I'll have a look, thank you!


----------



## PhilBurton (Aug 19, 2021)

meehow said:


> Hi, hopefully this is the right place to post about hardware. I've recently been getting the blue screen of death and my PC crashes. It happens during exporting. My computer although not new is still of decent specs however the issue is likely due to a hardware issue (ive been googling). Therefore I'm wanting to upgrade my PC. I will be looking to reuse my 32GB of RAM and some drives if possible and wanting to upgrade my CPU and motherboard to house it.
> 
> If there are any hardware guys here or anyone that recently bought a new PC that can recommend a good processor and a compatible motherboard? The PC will mainly be used as a workstation to run Lightroom.
> 
> Thank you!


Before you rush into new hardware, you might try doing a complete reload of Windows.  Of course, before you do that, be sure to do a complete backup of all your data and your LRC configuration files, presets, add-ons, etc.  And be sure that you have the install software or at least the download links for all major software, plus license keys.  If you keep your passwords in a file on your PC, be really sure that that file is backed up.


----------



## Hal P Anderson (Aug 19, 2021)

Also, before you rush into new hardware, run a diagnostic on your memory. If that's what's at fault, and you plug it into your new motherboard, the problem will end up in the new machine.


----------



## PhilBurton (Aug 20, 2021)

Hal P Anderson said:


> Also, before you rush into new hardware, run a diagnostic on your memory. If that's what's at fault, and you plug it into your new motherboard, the problem will end up in the new machine.

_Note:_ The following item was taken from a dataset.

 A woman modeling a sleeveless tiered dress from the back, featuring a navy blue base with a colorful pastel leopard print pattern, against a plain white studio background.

Chances are that new, current-generation motherboard will require DDR 4 memory and your system probably has DDR3 memory but Hal's point is still completely valid.

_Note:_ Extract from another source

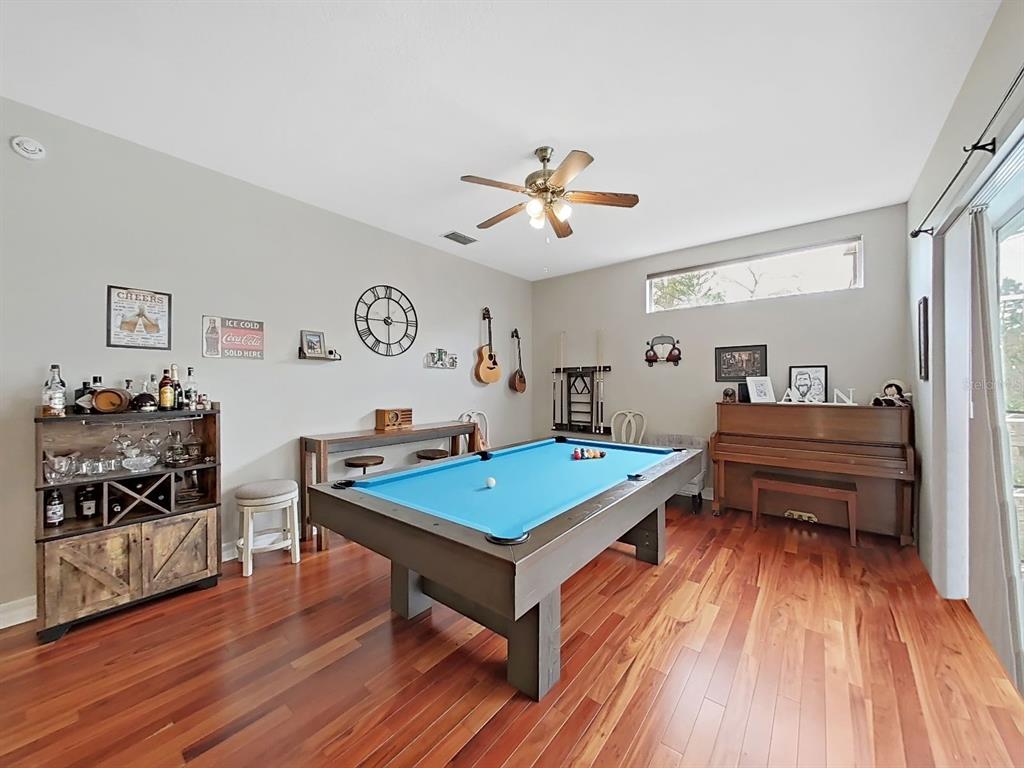 9630 Fox Hearst Road Tampa, FL 33647 - Photo 22 of 47 a living room with furniture and wooden floor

In my experience with bad memory, the system will crash unpredictably and without any discernible patterns of software usage.  If the system always (often) crashes during export, that suggests a reproducible situation, which is probably software-related.

Phil Burton


----------



## Gnits (Aug 20, 2021)

Some thoughts on motherboard selection, slanted towards usage for Lr and Photoshop.
1. Decide if you wish to have Thunderbolt 3 ports. This offers the fastest external drive connection currently. Most of my image library is on a Thunderbolt 3 enclosure and allows me manage this storage independently of my workstation. This is an option and may not suit all.
2. Check that a new motherboard supports Pcie Ver 4. This offers the fastest disk i/o options. Make a conscious decision if you wish to use Pcie3 or lower. 
3. Try and use an M2 SSD Pcie Ver 4 drive for your o/s.  Use an Ssd drive if m2 drive not possible for o/s and apps.
4. Even better if you can install a second M2 Ssd for your catalog and Lr / Photoshop cache folders (these do not need to be large and the prices have dropped a lot). I keep only o/s and apps on my c drive. This makes backing up my system drive easy and fast and allows me to easily separate my data from the clutter of all the folders in an o/s drive.
5. I agree with comments on first checking the memory, but separately, I would not use my old memory as the basis for a new build.  
6. Biggest bang for buck in most cases is to replace an old spinning drive with a modern ssd. If your motherboard supports m2 drives then use an M2 ssd drive.
7. The largest, most expensive component might be your graphics card and some motherboards do not have any built in gpu, especially the higher end motherboards.
8. I am not sure if the current shortage of electronic components has impact on sourcing your parts required.
9. Building your own Pc has lots of advantages, but you are left with many conflicting decisions on performance versus price and availability.


----------



## Paul_DS256 (Aug 20, 2021)

meehow said:


> The PC will mainly be used as a workstation to run Lightroom.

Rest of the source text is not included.